When income is less than $160,000, however, profit-sharing/401(k) plans provide dramatically greater deductible contributions, enabling self-employed individuals and corporate owners to deduct amounts greater than 25% of their compensation. For example, an individual who earns $100,000 may deduct $25,000 under either a profit-sharing plan or a money purchase plan, or they may deduct $36,000 under a profit-sharing/401(k) plan [the $25,000 employer contribution and the $11,000 401(k) contribution], for 36% of compensation. Individuals age 50 or over may deduct an additional $1,000 catch-up contribution.
Catch-up contributions. Catch-up contributions may be made by individuals age 50 and over in the amount of $1,000 in 2002, $2,000 in 2003, $3,000 in 2004, $4,000 in 2005, and $5,000 in 2006. These amounts are additional contributions above the normal limits that apply to 401(k) plans and are not subject to the special non-discrimination tests.
Contribution limits. The Act gradually increases the 401(k) contribution limit from $10,500 to $15,000, beginning with a $500 increase to $11,000 in 2002. The limit then increases $1,000 for each of the next four years, to $15,000 in 2006. Furthermore, the Act increases the defined contribution annual addition limit from $35,000 in 2001 to the lesser of $40,000 or 100% of compensation in 2002. The Act increases the compensation limit from $170,000 to $200,000 in 2002, effective for qualified plan purposes. Owner-employees may receive more favorable allocations due to this increased compensation limit in determining plan benefits.

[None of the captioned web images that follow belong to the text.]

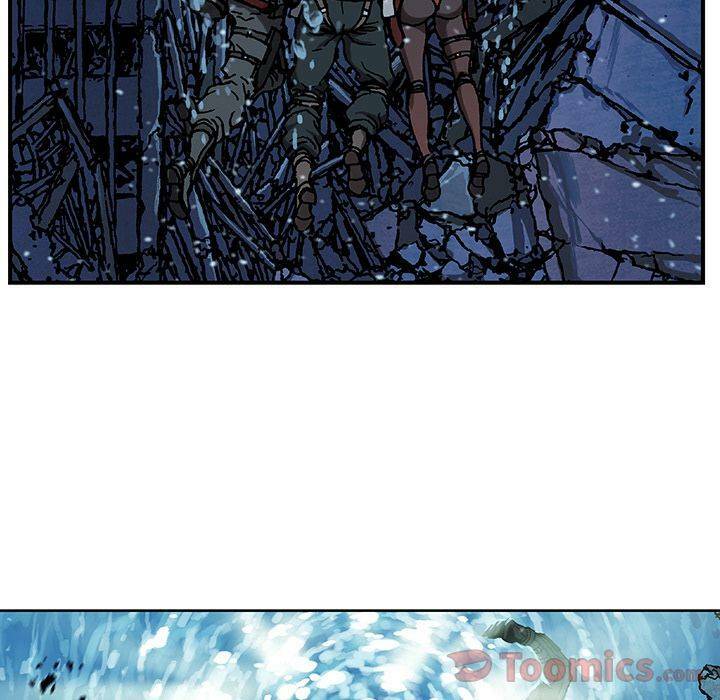 Đứa Con Thần Chết: Chapter 66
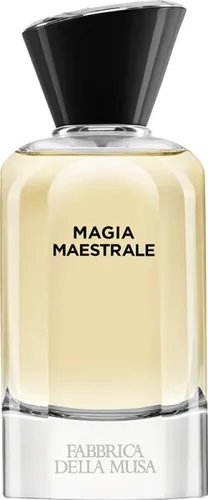 Fabbrica della Musa Magia Maestrale Eau de Parfum 100 ml
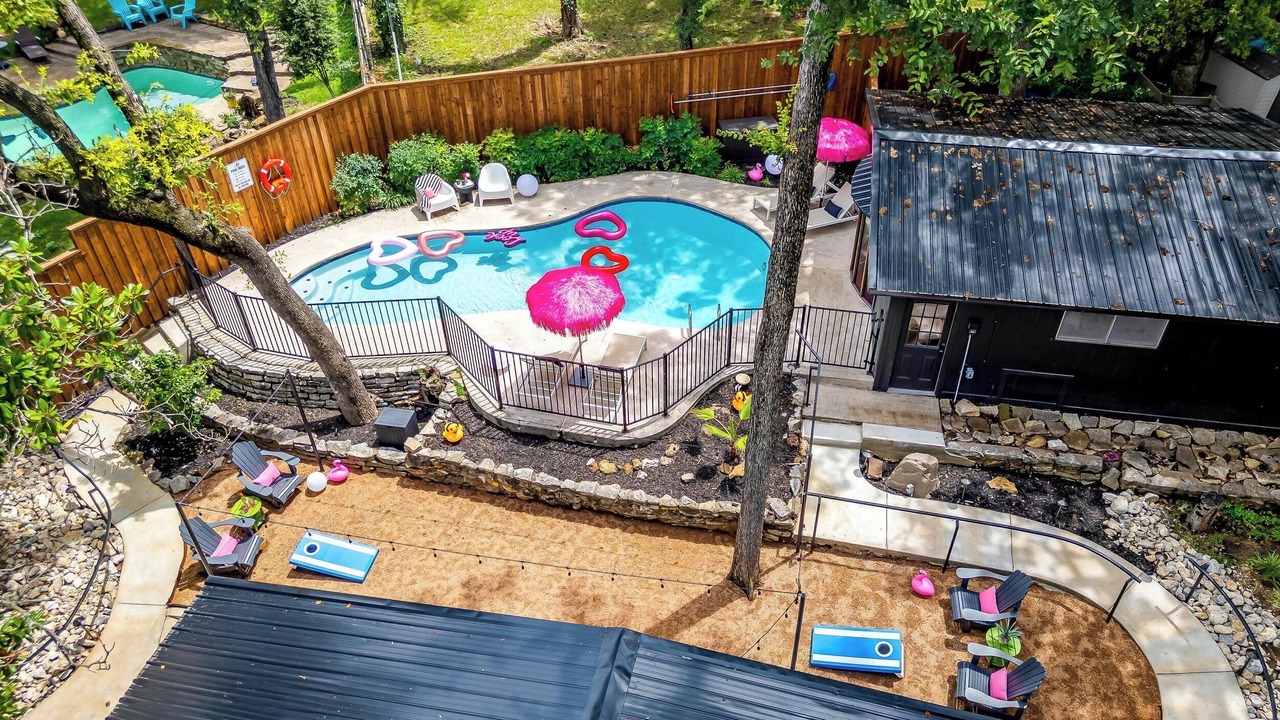 Photo of Outdoor in Grand Prairie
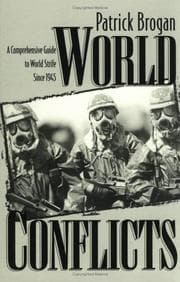 Cover of World conflicts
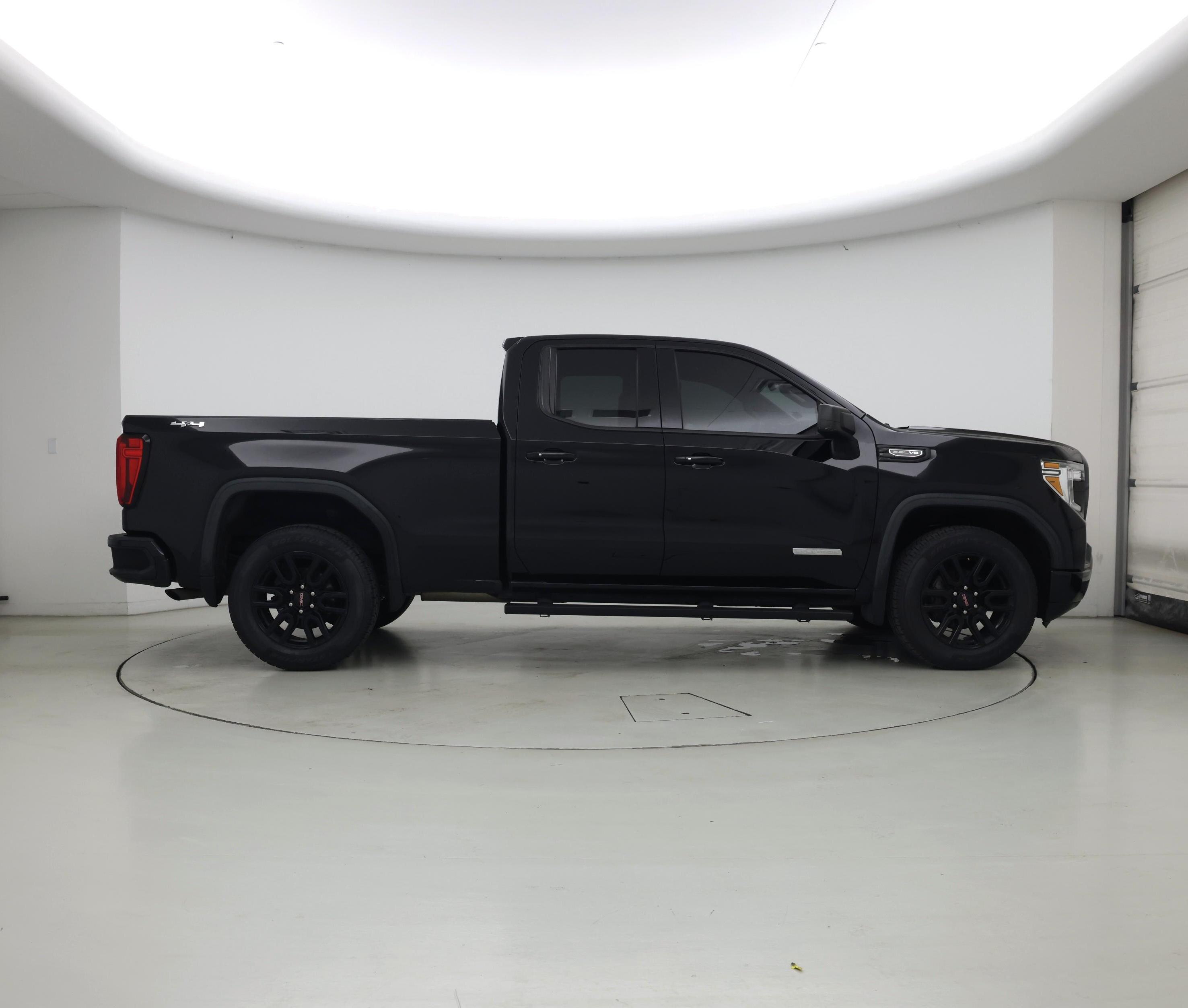 Thumbnail: 2021 GMC Sierra 1500 - 7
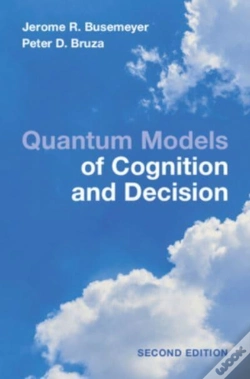 Capa do artigo Quantum Models Of Cognition And Decision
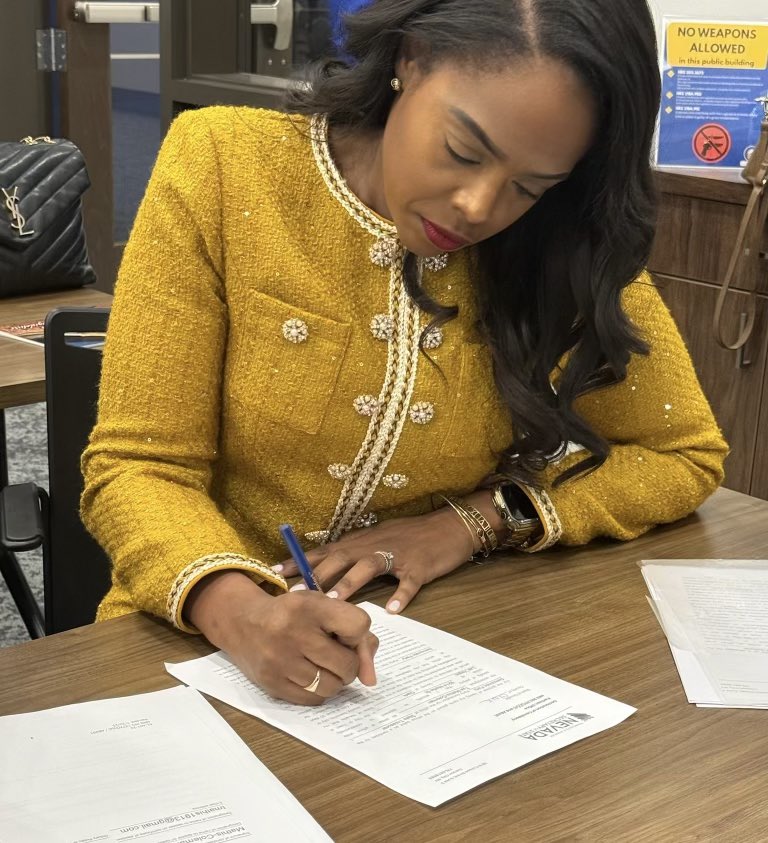 Tya Mathis-Coleman tweet media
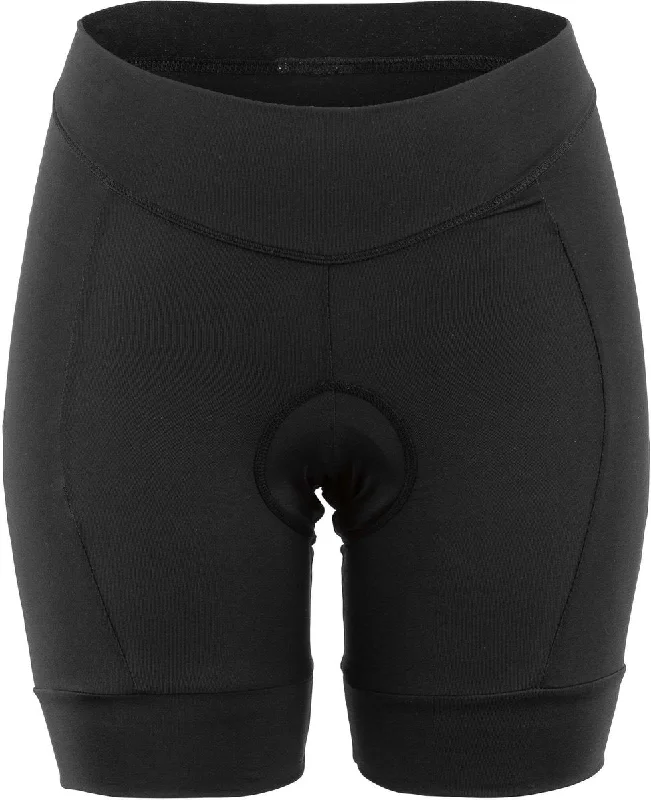 Louis Garneau Cycling Inner Short - Womens - Black - 2024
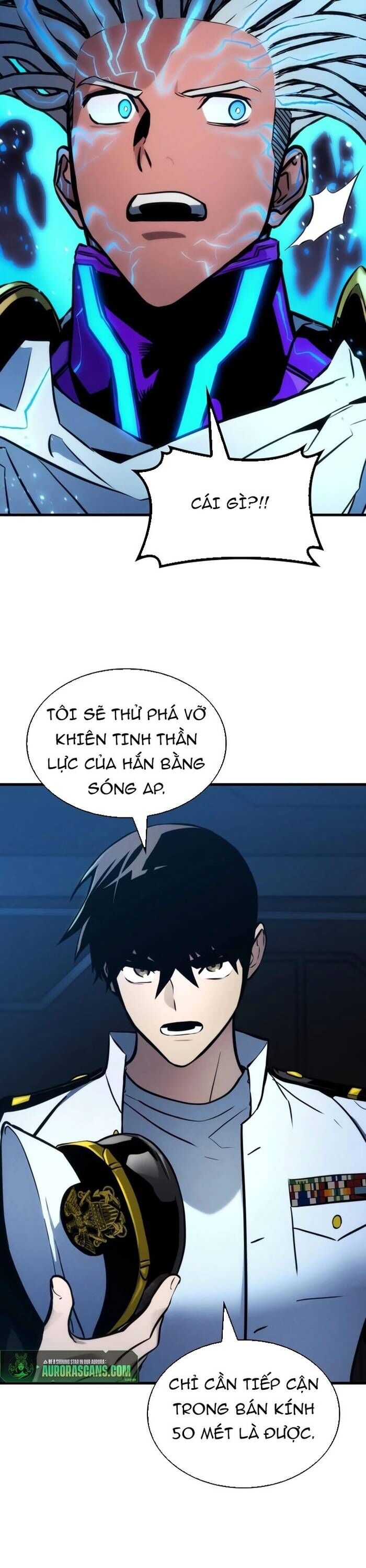 Đồ Long [Chap 146-148] - Page 31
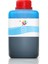 Photosmart 7180 Yazıcı Uyumlu Kartuş Mürekkebi PRO 500ml LC Dye-Açık Mavi 1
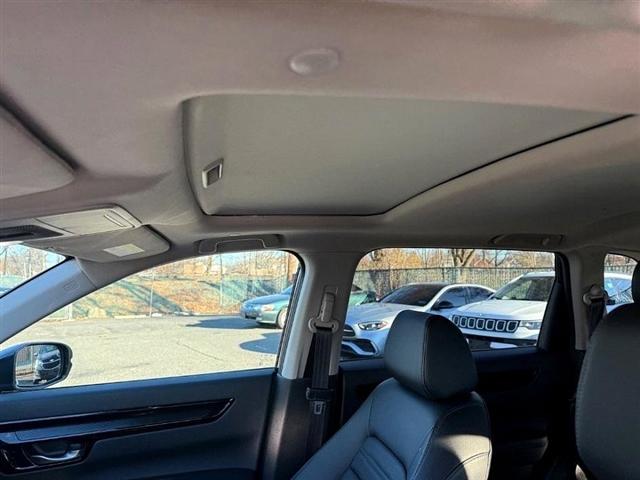 used 2024 Honda CR-V car, priced at $32,489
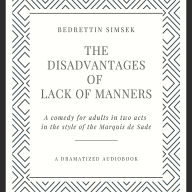 The Disadvantages of Lack of Manners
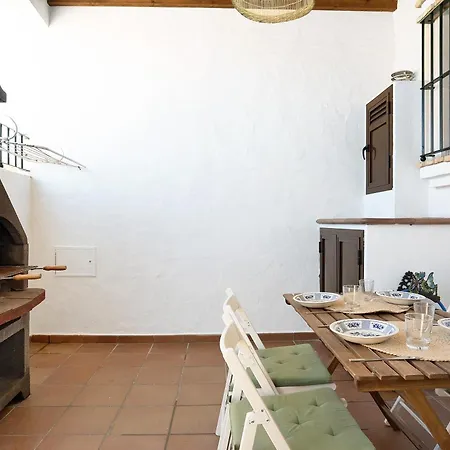 Marta Landhuis Conil De La Frontera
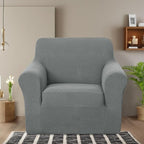 U-NICE HOME Recliner Chair Covers Stretch Couch Cover Sofa Cover Sofa Slipcover - Image 2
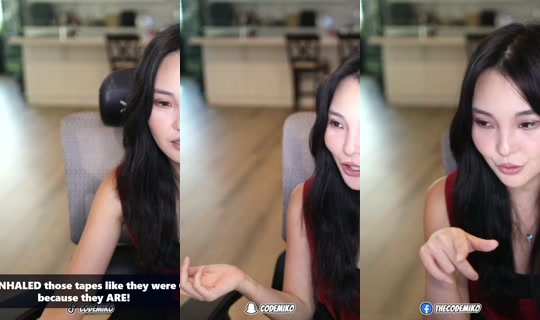 codemiko's Stream - Aug 14, 2026, 11:56 PM
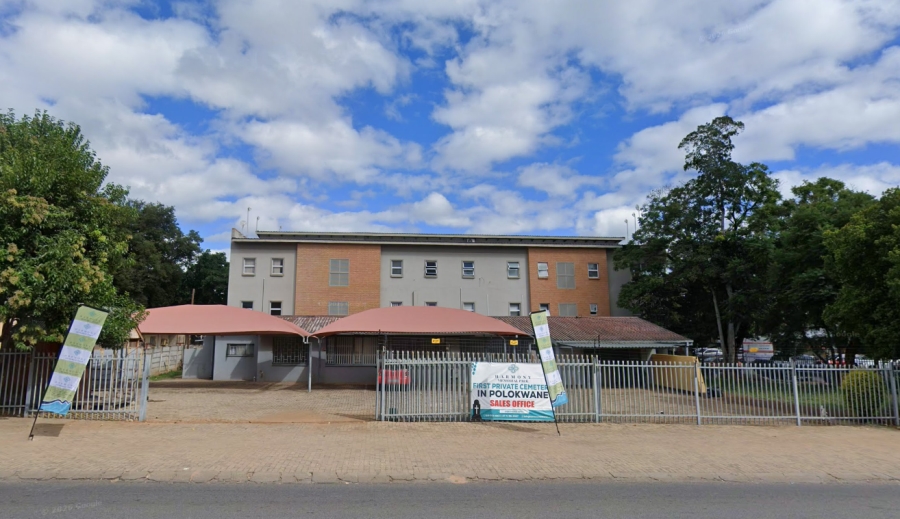 Commercial Property for Sale in Polokwane Central Limpopo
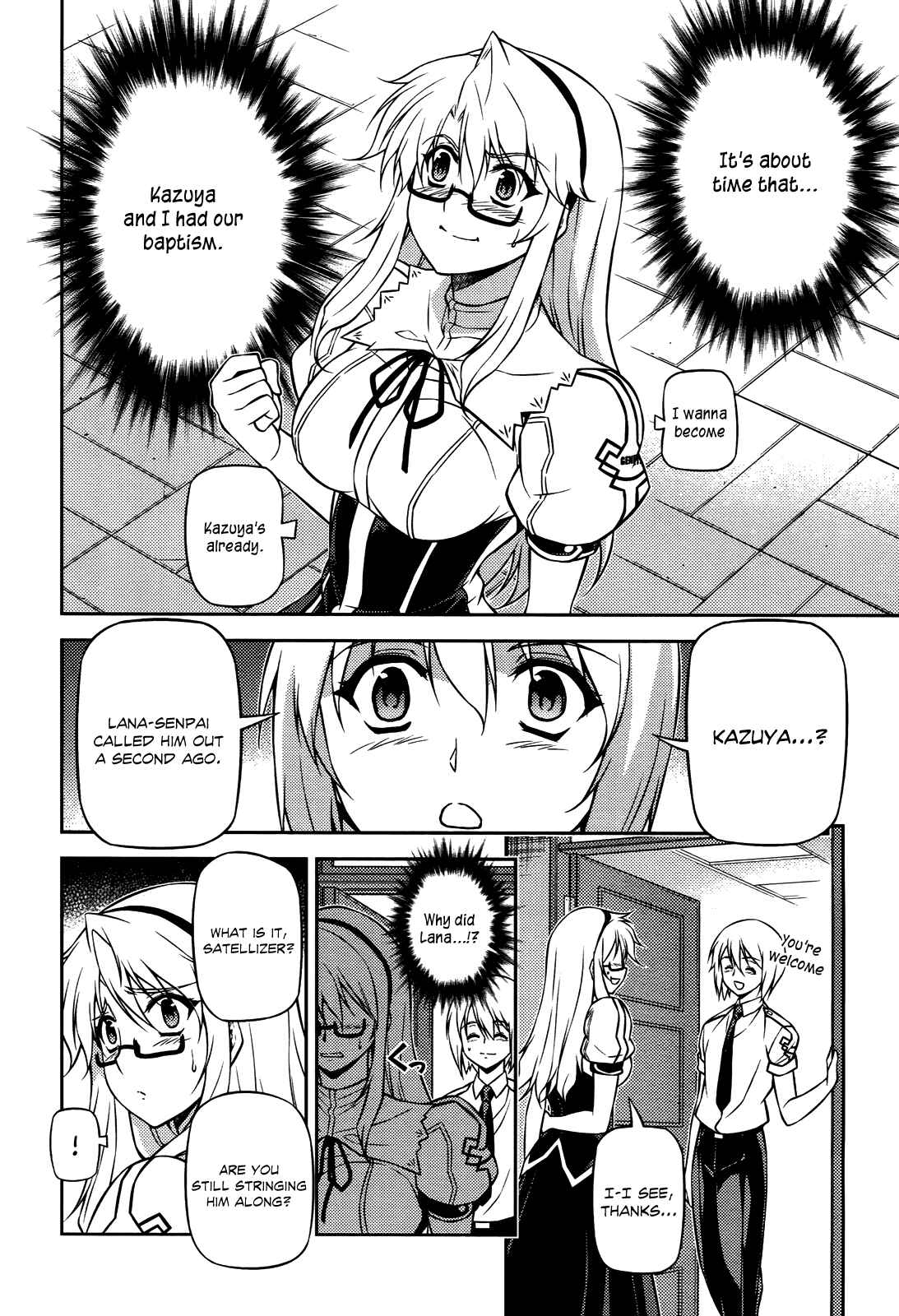 Chapter 98 - Page 9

Participant loans. The Act permits 401(k) plans to make participant loans to owner-employees, including S corporation shareholders, partners, limited liability company members, and sole proprietors, effective in 2002. These self-employed individuals may now receive the same loan privileges as employees of C corporations.
Discretionary contributions. Self-employed individuals and corporate owners may make 401(k) elective deferral contributions and employer contributions at their discretion. That is, there is no annual statutory requirement to make a minimum contribution to a profit-sharing/401(k) plan.
Plan administration. Profit-sharing/401(k) plans that cover only owners and their spouses do not need to meet the discrimination tests. These plans do not need to file IRS Form 5500 (an annual report) unless the plan covers one or more common-law employees or plan assets exceed $100,000.
Rollover contributions. The Act eliminates rollover restrictions and thus enables owners to comingle funds from different types of plans and consolidate retirement assets. For example, self-employed individuals and corporate owners may roll over their 403(b) distributions and IRA accounts to a profit-sharing/401(k) plan.
To the extent that self-employed individuals or corporate owners have employees that are eligible to participate in profit-sharing/401(k) plans, profit-sharing provisions may be designed to favorably allocate contributions for the business owner. That is, a cross-tested or new comparability allocation formula may provide significantly greater profit-sharing contribution allocations for business owners, improving employer funding for common law employees.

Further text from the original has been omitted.